At this point, I don’t even know what I want anymore. The things I used to enjoy seem completely irrelevant to me now. Or plain out impossible. I’ve changed so much and I want to get to know this new version of myself.
Maybe I’m going to get back to doing 5-minute sketches in the mornings. Or occasionally putting on makeup, just because. We can’t really go out, so maybe it’d be fun to make a nice dinner at home. Maybe it’s just giving myself permission to daydream, even though there’s always a chore to be done.
I’m going to get creative and think of things that aren’t expensive. Self-care doesn’t require a life coach or a credit card. It’s just listening to my own needs.
The one thing I might spend money on myself for is my own health. I used to think getting sick wasn’t an option with work. Ha! Now I want to be healthy for myself and my husband more than ever before. I’m going to make sure I get a checkup, go to the ob-gyn for an annual, do all the recommended screenings for my age group, and eat a little healthier. Hopefully coordinating to be able to do those things will mean more time for us together in the future.
I’m going to get to know this new version of myself.
First, let’s admit that I don’t really understand Snapchat. Luckily for me, it seems like no one over the age of 17 does and all of my friends are over 17, so we’re good. None of us know what the heck we’re doing or how those filters get added or what it means. This is why I had it installed on my phone for a really long time (in smartphone years) before I started using it.
But then one of my friends called me out for never viewing his snaps. When I told him I didn’t have anything exciting to send him, he told me I was missing the point. The point is hey, I’m thinking of you and I want you to be in my life. And he started sending me a barrage of the most boring snaps you can imagine. Waiting for his car to warm up in the morning. The silent elevator ride. The coffee cup on his desk in his cubicle. You get the idea. It was actually pretty fun and I had a whole new perspective on what it’s like to be him. And I started sending back boring snaps. He loved them.

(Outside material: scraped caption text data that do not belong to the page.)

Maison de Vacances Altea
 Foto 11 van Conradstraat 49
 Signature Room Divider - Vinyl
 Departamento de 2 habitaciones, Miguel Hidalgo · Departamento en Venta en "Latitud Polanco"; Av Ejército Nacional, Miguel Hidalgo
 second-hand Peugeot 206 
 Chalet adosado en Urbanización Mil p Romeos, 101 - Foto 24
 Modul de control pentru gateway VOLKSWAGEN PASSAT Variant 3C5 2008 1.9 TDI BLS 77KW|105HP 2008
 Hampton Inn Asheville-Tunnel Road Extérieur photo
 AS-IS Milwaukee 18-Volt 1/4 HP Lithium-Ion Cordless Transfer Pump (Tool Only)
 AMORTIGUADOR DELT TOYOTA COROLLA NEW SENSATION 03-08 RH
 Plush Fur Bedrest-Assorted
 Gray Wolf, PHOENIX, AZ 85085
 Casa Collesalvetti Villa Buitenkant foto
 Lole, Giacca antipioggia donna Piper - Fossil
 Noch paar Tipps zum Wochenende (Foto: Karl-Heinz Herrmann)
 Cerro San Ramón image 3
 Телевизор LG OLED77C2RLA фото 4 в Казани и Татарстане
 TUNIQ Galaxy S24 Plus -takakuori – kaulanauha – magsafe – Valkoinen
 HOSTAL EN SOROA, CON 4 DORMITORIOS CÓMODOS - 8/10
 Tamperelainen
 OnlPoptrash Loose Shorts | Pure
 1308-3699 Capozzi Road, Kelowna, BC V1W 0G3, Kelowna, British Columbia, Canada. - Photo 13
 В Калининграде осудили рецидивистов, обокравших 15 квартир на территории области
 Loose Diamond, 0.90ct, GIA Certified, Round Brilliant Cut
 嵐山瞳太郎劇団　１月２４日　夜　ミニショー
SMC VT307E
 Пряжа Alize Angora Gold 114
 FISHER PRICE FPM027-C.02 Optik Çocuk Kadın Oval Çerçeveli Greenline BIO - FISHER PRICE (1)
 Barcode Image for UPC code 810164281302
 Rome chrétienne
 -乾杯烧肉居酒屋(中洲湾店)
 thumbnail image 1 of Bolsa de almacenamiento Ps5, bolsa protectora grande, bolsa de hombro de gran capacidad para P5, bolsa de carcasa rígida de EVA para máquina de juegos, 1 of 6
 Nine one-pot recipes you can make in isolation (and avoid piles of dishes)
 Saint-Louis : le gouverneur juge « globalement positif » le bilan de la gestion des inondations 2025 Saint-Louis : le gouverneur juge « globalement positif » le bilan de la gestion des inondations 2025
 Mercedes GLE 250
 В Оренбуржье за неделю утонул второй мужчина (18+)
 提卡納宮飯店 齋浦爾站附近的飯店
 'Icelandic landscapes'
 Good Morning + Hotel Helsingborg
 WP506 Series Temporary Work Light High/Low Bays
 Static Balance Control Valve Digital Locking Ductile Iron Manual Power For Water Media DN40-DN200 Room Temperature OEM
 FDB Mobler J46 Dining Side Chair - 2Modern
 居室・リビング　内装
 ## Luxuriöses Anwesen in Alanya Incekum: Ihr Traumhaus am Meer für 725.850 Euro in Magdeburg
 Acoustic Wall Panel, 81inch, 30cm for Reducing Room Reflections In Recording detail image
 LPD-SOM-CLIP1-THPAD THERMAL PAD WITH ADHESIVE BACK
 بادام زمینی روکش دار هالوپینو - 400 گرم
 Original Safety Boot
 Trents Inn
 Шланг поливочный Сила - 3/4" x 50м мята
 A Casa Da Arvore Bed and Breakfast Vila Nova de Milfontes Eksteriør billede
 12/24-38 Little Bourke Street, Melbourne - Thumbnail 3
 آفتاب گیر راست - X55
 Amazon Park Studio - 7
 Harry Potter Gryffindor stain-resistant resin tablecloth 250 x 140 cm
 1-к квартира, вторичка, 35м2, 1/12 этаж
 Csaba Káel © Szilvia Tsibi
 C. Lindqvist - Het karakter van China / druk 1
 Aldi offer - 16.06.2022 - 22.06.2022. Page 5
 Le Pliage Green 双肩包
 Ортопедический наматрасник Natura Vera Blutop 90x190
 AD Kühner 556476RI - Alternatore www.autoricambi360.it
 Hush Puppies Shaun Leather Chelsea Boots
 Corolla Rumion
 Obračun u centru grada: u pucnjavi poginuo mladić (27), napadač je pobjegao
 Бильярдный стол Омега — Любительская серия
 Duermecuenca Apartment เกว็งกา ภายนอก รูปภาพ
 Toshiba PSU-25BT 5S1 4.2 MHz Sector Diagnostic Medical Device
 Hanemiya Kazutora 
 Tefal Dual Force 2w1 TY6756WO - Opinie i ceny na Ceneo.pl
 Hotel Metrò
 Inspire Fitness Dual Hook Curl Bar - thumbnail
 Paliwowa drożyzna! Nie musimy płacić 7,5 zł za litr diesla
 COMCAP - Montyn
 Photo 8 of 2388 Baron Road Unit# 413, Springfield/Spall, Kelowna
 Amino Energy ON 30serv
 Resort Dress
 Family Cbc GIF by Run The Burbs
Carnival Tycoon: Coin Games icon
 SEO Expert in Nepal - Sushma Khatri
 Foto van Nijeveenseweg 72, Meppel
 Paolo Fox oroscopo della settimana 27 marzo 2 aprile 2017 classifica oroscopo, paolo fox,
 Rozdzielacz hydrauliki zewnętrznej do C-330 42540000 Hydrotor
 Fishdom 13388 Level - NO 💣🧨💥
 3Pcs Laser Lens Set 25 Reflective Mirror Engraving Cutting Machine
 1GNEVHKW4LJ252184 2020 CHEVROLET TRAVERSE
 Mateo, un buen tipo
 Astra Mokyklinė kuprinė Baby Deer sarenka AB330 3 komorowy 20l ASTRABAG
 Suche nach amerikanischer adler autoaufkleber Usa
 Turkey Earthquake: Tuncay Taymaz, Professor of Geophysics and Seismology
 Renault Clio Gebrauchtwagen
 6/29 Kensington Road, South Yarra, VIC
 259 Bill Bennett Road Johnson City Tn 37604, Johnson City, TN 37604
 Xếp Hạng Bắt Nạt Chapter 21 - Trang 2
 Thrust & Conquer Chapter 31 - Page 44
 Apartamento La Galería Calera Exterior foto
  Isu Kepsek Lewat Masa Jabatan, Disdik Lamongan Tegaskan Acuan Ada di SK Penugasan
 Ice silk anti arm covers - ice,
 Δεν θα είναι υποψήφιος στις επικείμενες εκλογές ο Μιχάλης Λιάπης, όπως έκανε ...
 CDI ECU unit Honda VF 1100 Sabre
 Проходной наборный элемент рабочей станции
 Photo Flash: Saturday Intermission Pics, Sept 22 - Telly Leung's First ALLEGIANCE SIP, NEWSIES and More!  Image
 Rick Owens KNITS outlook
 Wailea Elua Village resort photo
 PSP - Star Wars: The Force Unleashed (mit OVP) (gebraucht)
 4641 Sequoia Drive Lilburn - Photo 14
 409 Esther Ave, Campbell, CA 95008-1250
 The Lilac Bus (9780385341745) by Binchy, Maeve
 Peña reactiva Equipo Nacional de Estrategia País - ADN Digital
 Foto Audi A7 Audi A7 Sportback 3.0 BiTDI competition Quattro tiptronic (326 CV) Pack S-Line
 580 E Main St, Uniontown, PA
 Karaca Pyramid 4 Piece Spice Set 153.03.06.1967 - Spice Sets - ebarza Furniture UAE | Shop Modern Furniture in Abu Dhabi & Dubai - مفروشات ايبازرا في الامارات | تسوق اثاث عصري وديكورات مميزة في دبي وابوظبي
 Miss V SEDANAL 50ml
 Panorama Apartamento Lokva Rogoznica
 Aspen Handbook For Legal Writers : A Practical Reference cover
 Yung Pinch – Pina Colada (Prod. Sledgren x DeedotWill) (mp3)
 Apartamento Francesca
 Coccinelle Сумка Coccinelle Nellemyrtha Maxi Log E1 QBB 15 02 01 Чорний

Once I was checking Snapchat every day, friends I hadn’t heard from in ages started sending me snaps and I started sending them back.
When I was getting nonstop snaps from holiday parties I couldn’t go to, it was pretty hard. But let’s be honest that I was going to feel lonely and awful to be missing out no matter what. Instead of feeling forgotten, like all of my friends’ lives had moved on without me, here they were lighting up my phone every 20 minutes with silly little packets of hey, we love you and we miss you and we wish you were here.
I’m not going to make the holiday party next year, either. Being a social butterfly isn’t an option. But there are still ways to stay connected to my friends.
My goal for 2017 is to keep space for my friends in my life.